_WHAT IS REQUIRED:_ Would you please return the lines of the entries below starting at the line that has "Shelles RPET softshell" and ending at the line that has "MW48-1201000U DC adapter 12V 1A működő", both included, exactly as they are?

_EXERCISE MATERIAL:_
=== Section Start ===

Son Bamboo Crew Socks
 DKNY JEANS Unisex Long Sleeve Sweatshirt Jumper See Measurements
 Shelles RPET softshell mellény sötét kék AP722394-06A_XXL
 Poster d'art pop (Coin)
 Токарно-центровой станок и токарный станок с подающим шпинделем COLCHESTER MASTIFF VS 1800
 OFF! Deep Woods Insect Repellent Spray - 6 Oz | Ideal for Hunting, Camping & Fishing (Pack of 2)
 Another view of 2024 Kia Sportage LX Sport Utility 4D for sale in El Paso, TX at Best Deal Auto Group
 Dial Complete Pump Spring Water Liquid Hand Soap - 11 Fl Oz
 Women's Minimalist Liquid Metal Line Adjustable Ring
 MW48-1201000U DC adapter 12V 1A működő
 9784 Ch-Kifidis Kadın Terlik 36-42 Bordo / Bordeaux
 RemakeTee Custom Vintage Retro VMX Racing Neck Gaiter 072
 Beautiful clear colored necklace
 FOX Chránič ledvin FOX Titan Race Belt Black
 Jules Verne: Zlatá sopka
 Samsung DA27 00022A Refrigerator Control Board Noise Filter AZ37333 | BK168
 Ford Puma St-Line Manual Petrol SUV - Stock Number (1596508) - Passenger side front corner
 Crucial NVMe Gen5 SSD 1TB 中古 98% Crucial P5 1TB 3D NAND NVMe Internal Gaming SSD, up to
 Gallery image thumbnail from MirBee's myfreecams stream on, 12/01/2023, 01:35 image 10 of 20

=== Section End ===

_RESULT:_
 Shelles RPET softshell mellény sötét kék AP722394-06A_XXL
 Poster d'art pop (Coin)
 Токарно-центровой станок и токарный станок с подающим шпинделем COLCHESTER MASTIFF VS 1800
 OFF! Deep Woods Insect Repellent Spray - 6 Oz | Ideal for Hunting, Camping & Fishing (Pack of 2)
 Another view of 2024 Kia Sportage LX Sport Utility 4D for sale in El Paso, TX at Best Deal Auto Group
 Dial Complete Pump Spring Water Liquid Hand Soap - 11 Fl Oz
 Women's Minimalist Liquid Metal Line Adjustable Ring
 MW48-1201000U DC adapter 12V 1A működő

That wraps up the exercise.